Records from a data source
****

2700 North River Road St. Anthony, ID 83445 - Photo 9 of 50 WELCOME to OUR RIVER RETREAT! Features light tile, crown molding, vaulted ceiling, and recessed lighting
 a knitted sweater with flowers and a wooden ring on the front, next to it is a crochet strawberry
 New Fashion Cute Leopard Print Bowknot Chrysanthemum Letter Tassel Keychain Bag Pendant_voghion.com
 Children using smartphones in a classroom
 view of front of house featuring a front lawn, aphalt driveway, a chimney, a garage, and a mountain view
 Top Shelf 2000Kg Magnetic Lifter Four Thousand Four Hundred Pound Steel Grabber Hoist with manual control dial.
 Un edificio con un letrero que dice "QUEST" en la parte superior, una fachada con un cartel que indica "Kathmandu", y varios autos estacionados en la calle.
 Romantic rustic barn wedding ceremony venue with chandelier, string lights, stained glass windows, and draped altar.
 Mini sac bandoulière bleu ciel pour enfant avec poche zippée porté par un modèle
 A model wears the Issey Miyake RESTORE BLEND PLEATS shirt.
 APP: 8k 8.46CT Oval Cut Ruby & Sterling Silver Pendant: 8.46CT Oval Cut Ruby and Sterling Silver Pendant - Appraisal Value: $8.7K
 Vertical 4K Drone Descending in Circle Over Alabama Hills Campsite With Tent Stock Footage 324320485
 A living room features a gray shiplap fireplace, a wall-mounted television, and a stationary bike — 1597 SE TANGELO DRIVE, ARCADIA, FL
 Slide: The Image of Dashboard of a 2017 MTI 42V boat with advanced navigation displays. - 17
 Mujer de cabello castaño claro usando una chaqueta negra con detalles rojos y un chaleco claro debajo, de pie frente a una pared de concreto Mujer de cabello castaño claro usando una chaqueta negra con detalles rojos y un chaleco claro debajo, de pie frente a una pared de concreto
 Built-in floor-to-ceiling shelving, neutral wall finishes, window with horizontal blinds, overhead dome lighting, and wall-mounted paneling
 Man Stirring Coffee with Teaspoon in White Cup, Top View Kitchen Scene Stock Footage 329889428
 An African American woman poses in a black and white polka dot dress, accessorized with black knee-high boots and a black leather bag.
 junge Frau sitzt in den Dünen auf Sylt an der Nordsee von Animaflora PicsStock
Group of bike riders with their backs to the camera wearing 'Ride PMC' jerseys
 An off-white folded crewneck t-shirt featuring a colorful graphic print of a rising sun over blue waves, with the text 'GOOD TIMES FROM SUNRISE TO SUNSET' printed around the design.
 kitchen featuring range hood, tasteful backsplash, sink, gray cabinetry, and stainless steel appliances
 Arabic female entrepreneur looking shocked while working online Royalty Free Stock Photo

****

▶ [Exercise directions] Beginning with the line that contains "Group of bike", return every line through the end of the data above, exactly as written.

▶ [Reply to the task]
Group of bike riders with their backs to the camera wearing 'Ride PMC' jerseys
 An off-white folded crewneck t-shirt featuring a colorful graphic print of a rising sun over blue waves, with the text 'GOOD TIMES FROM SUNRISE TO SUNSET' printed around the design.
 kitchen featuring range hood, tasteful backsplash, sink, gray cabinetry, and stainless steel appliances
 Arabic female entrepreneur looking shocked while working online Royalty Free Stock Photo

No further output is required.